Варя коснулась кудели своими натруженными пальцами, помяла, покрутила. В глазах у нее мелькнуло что-то — то ли уважение к ловкой работе, то ли грусть.

— Хороша кудель, Пашенька, спорая. Только вот… — она оглянулась на дверь, понизила голос. — Только вот мужики на селе поговаривают, что скоро не кудель чесать будем, а штыки точить.  Дягель-то наш совсем смурной ходит. Сундуки в подпол зарыл. Говорит, не к добру это — столько добра на виду держать. Чует, видать, что ветер с города не просто тучи несет, а пожар.

Паша на мгновение замерла, гребень повис в руке. Слова Варвары легли на то, что она сама последние дни носила в себе.

— А кто ж его теперь уймет, пожар-то? — тихо спросила Паша, не глядя на соседку. — Вон, по волостям уже говорят… сами знаете что.

Варя только вздохнула перекрестилась и пошла к выходу, бросив на прощание:

— Знать бы еще, чем это для нас обернется.

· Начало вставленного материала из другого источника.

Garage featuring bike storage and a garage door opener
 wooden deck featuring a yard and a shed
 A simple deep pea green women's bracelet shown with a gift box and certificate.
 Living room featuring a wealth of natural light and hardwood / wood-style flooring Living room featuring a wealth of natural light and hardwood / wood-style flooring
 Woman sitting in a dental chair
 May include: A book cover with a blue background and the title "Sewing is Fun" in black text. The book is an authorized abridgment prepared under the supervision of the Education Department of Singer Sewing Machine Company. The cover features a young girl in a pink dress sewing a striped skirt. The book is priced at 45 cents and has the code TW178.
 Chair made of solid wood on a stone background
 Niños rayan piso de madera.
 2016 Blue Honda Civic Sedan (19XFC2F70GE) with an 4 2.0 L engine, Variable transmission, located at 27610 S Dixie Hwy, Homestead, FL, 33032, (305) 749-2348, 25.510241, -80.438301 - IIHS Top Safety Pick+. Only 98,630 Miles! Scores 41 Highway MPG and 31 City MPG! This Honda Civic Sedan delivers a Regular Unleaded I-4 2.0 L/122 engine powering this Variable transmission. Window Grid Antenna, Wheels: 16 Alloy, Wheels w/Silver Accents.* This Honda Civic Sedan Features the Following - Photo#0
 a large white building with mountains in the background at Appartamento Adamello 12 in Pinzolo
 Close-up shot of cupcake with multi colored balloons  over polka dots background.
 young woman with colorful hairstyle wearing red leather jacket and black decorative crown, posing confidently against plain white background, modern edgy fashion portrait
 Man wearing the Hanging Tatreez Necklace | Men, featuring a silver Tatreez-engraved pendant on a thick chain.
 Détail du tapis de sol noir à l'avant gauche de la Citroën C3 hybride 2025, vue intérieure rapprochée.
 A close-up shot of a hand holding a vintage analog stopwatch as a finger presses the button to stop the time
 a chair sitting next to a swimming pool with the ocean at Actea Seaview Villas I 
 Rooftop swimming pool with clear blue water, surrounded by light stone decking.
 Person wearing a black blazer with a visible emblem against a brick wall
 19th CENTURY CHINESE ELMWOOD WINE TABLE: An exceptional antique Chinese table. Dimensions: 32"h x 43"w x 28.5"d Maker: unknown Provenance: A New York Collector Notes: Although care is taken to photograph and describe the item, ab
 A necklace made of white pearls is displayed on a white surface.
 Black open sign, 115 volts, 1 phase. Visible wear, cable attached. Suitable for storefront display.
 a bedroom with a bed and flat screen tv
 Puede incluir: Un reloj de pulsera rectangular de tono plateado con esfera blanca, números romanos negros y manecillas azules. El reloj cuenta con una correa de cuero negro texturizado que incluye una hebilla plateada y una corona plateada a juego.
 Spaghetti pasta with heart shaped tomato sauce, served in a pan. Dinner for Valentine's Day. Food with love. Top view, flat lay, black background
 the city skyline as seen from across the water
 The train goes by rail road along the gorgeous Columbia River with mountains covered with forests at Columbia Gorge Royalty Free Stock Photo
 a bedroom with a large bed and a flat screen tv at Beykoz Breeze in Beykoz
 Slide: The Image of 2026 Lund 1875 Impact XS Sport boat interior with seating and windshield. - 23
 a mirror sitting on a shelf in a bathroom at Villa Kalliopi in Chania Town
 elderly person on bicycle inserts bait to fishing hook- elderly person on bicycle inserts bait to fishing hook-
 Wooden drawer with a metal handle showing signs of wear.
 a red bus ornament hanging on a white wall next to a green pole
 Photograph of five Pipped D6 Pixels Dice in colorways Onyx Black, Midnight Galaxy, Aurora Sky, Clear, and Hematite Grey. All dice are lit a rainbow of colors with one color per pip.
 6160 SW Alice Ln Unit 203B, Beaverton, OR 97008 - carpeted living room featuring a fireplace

Вечером, когда работа затихла, Паша возвращалась домой мимо Карпова озера. Журавли уже улетели, оставив после себя пронзительную, звенящую тишину. Криничка всё так же пульсировала в глубине — холодная, вечная, равнодушная к людским тревогам.

В хате Лука обучал ремеслу сыновей, Тихона и Яшку. На столе лежала городская газета — мятая, зачитанная до дыр. Лука, хоть и был из тех, кто «с буквами дружен», держал её больше для важности: соседи заходили посмотреть на печатное слово, а он слушал, что говорят, и своё суждение имел. Евдокия сидела в красном углу, тихо молилась перед иконами.

Тихон сидел за столом хмурый, перебирал в пальцах обрывок бечевки. Увидев жену, поднял тяжелые глаза.

— Ну что, хозяйка, намяла добра?

— Намяла, Тихон. На всю зиму хватит… если мир будет.

Он горько усмехнулся, отложил бечевку.

— Мир, Паша, кончился. Вчера в волости сказали — царя скинули. Теперь, бают, всё по-новому пойдет. А по-новому — это как? Кто нам землю мерять будет? Кто за порядок ответит?

Паша присела к колыбели сына, машинально поглаживая мягкую кудель, что принесла с собой. Рука её вдруг замерла. Мягкое волокно в пальцах вдруг показалось колючим, чужим.

— Как же это… без царя? — спросила тихо, словно саму себя. — На кого ж бог теперь?

— Бог, — Тихон махнул рукой, — бог, видно, тоже от нас отступился. За грехи наши.

В хате повисла тяжёлая тишина, нарушаемая только посапыванием младенца да шелестом газетного листа, который Лука крутил в руках.

Паша смотрела на кудель, которую сама же и вычесала сегодня — чистую, серебряную, готовую лечь в нитку. В воздухе пахло надвигающейся грозой. Чуяла её и Ниновка, затаившаяся по хатам. Казалось, скоро эта гроза смоет и старые долги Дягеля, и тихие радости деревни, перепахав людские судьбы так же круто и безжалостно, как тяжелый плуг перепахивает целину под зиму — не оставляя от прежнего следа.